(Dataset content Opens)

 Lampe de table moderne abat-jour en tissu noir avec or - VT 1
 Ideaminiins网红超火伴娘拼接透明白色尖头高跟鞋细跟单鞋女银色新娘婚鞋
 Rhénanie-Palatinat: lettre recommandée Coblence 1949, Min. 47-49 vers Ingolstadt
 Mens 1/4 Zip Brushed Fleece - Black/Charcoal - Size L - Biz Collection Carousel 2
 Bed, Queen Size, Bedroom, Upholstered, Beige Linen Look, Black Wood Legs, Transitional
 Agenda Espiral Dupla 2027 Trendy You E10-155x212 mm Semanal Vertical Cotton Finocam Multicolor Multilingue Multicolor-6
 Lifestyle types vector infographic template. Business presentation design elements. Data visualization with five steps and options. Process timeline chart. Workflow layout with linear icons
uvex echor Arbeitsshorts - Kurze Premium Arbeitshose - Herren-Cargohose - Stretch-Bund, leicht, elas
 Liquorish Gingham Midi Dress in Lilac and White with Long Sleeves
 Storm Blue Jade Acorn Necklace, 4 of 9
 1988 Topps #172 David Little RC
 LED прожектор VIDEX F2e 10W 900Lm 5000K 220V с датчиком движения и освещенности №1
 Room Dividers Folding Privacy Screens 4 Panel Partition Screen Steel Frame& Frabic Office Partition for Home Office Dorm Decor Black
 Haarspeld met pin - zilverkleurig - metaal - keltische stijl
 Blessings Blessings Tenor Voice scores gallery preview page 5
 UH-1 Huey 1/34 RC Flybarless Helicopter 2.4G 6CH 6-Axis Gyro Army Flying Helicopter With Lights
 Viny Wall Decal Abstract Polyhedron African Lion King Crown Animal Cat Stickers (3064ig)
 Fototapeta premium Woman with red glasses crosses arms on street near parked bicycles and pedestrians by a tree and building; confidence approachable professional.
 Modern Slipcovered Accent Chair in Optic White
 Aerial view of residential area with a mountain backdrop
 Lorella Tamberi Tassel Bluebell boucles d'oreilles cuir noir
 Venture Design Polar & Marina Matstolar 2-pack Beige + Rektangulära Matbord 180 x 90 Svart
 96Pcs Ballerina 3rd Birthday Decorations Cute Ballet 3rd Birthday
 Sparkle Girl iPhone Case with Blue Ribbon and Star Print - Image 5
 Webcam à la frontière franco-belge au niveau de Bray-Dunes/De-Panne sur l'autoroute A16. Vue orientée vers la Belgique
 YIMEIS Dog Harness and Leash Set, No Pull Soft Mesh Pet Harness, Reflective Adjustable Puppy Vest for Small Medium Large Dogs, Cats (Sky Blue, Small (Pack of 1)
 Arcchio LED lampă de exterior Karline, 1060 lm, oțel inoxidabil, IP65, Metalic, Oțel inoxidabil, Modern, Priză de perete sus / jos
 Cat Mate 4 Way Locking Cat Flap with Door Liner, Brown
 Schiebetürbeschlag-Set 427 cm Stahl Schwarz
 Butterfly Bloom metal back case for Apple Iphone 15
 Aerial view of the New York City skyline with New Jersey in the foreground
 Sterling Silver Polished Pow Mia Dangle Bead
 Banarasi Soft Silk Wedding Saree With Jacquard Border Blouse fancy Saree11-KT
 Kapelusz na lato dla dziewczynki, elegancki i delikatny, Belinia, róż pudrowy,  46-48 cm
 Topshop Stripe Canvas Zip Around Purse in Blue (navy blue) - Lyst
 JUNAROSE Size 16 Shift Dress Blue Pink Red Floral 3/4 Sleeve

(Dataset content Closes)

Exercise details:
Among the entries above, the line containing "Mens 1/4 Zip", the line containing "Agenda Espiral Dupla", and all lines between them are to be restated word for word; nothing else belongs in the reply.

Output for this exercise:
 Mens 1/4 Zip Brushed Fleece - Black/Charcoal - Size L - Biz Collection Carousel 2
 Bed, Queen Size, Bedroom, Upholstered, Beige Linen Look, Black Wood Legs, Transitional
 Agenda Espiral Dupla 2027 Trendy You E10-155x212 mm Semanal Vertical Cotton Finocam Multicolor Multilingue Multicolor-6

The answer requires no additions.